**EXERCISE DESCRIPTION**
Reproduce every line of the material below, but drop the pictures.

**GIVEN INFORMATION**
┌──

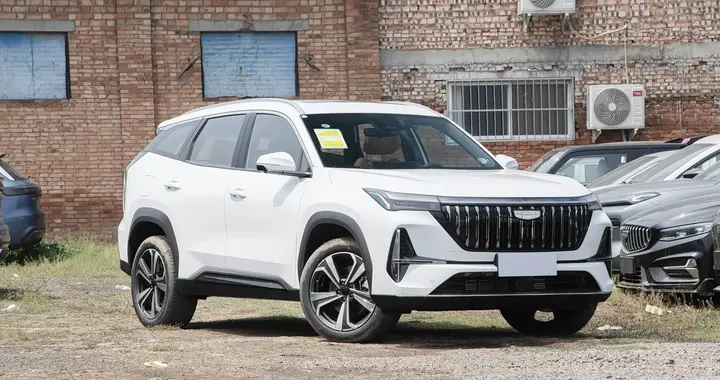 博越L，吉利的顶梁柱SUV！1.5T爆发181马力喝92油，月销17402辆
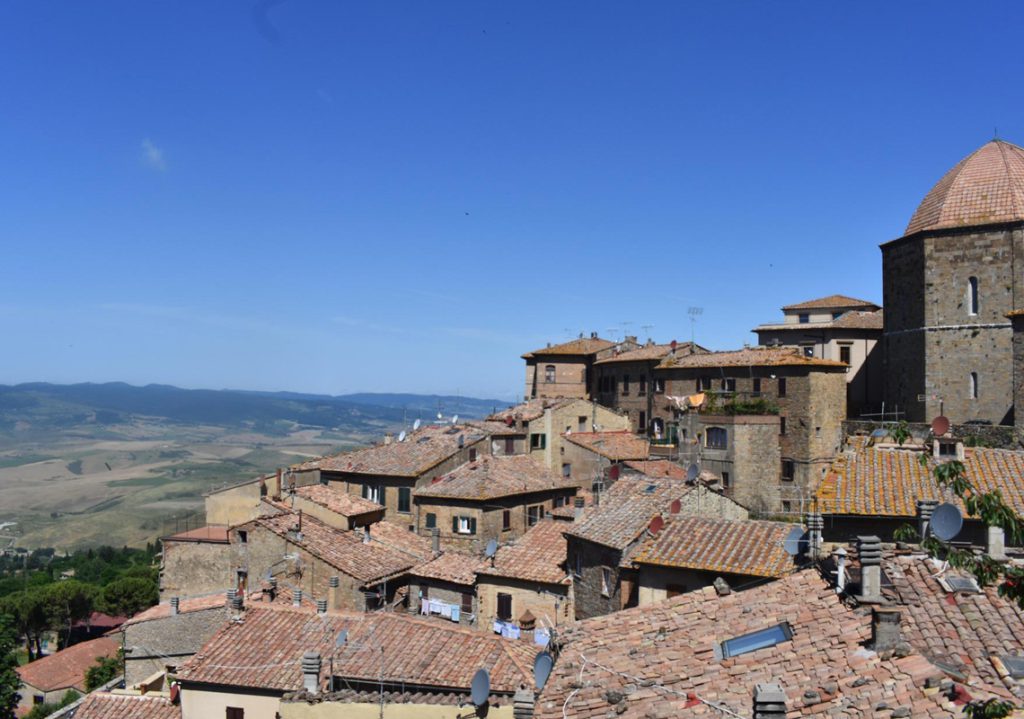 I Sapori di Volterra e delle Colline Pisane – Degustazione Guidata tra Eccellenze del Territorio
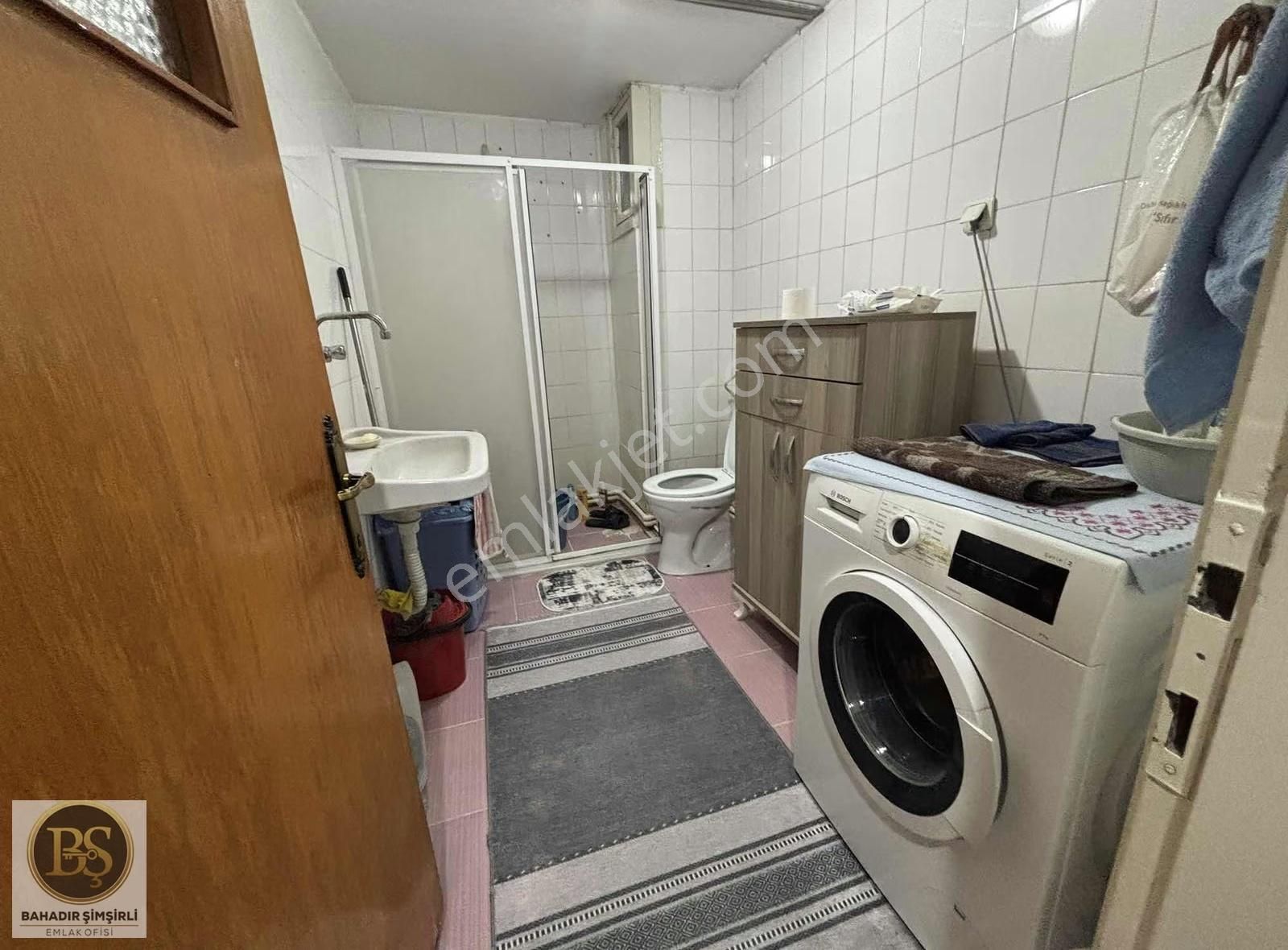 Bahadır Şimşirli'den Ragıpbey Mah.16 Sokakta Satılık 3+1 Daire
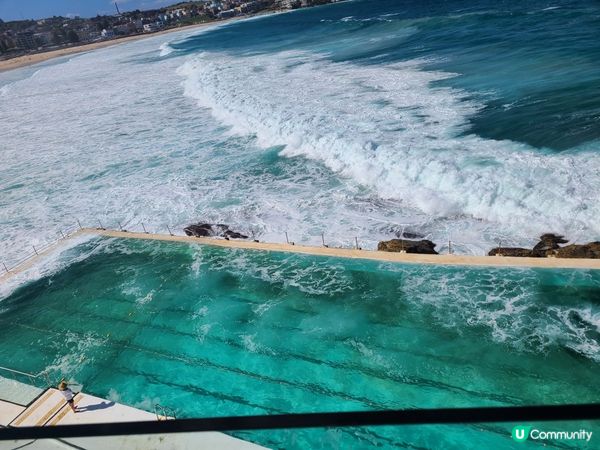 在這個餐廳可以觀賞到Bondi Beach的巨浪，和連接著的...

└──

**TASK RESULT**
 博越L，吉利的顶梁柱SUV！1.5T爆发181马力喝92油，月销17402辆
 I Sapori di Volterra e delle Colline Pisane – Degustazione Guidata tra Eccellenze del Territorio
 Bahadır Şimşirli'den Ragıpbey Mah.16 Sokakta Satılık 3+1 Daire
 在這個餐廳可以觀賞到Bondi Beach的巨浪，和連接著的...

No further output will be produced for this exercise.